Der fast perfekte Bau

Das Flachdachgebäude ist ein Skelettbau aus Beton. Ein großer Teil der Außenwände besteht aus Fenstern aus Kiefernholz und teilweise aus Polycarbonat, so dass in den Innenräumen Betonsäulen als tragende Teile zur Unterstützung eingesetzt wurden. Das brachte aber ein Verletzungsrisiko für die Kinder mit sich – die Säulen wurden deshalb im Nachhinein mit weichem Material ummantelt und die Abstände zwischen Säulen und Wänden so verringert, dass sich die Kinder dort nicht hineinzwängen und hängen bleiben können.

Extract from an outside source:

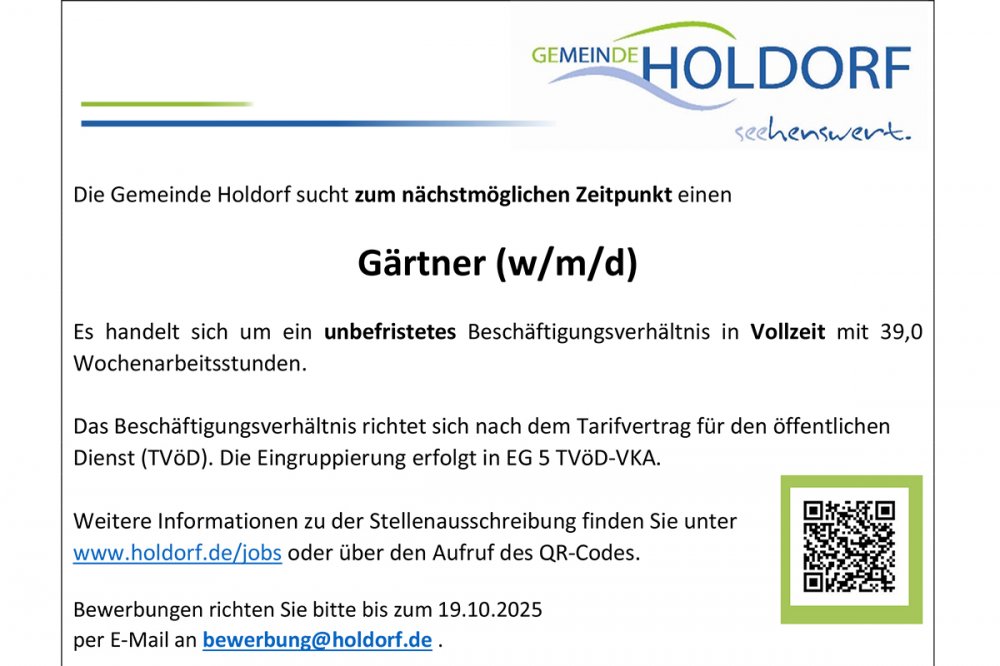 Vollzeitstelle als G�rtner (w/m/d) frei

Trotzdem haben Kommune und Architektin hier einen äußerst gelungenen Bau geschaffen, den vorhandenen Platz allerdings nur fast optimal genutzt. Der Eingangsbereich mit Garderobe sowie ein Stauraum nehmen viel Platz des Erdgeschosses ein und aus Kostengründen wurde leider darauf verzichtet, das Dach komplett zum Spielen auszubauen. Zudem heizt sich einer der Räume im Sommer so stark auf, dass er zeitweilig nicht genutzt werden kann. Mit Fußboden und Gummigranulat in verschiedenen Farben und den vielen Erhebungen sowie der Dachterrasse mit Aufsicht auf die umgebenden Straße und Wege kommt das Gebäude den kindlichen Bedürfnissen entgegen, ohne die Sinne zu stressen. Das Haus ist – auch im übertragenden Sinne – farbig, aber nicht bunt.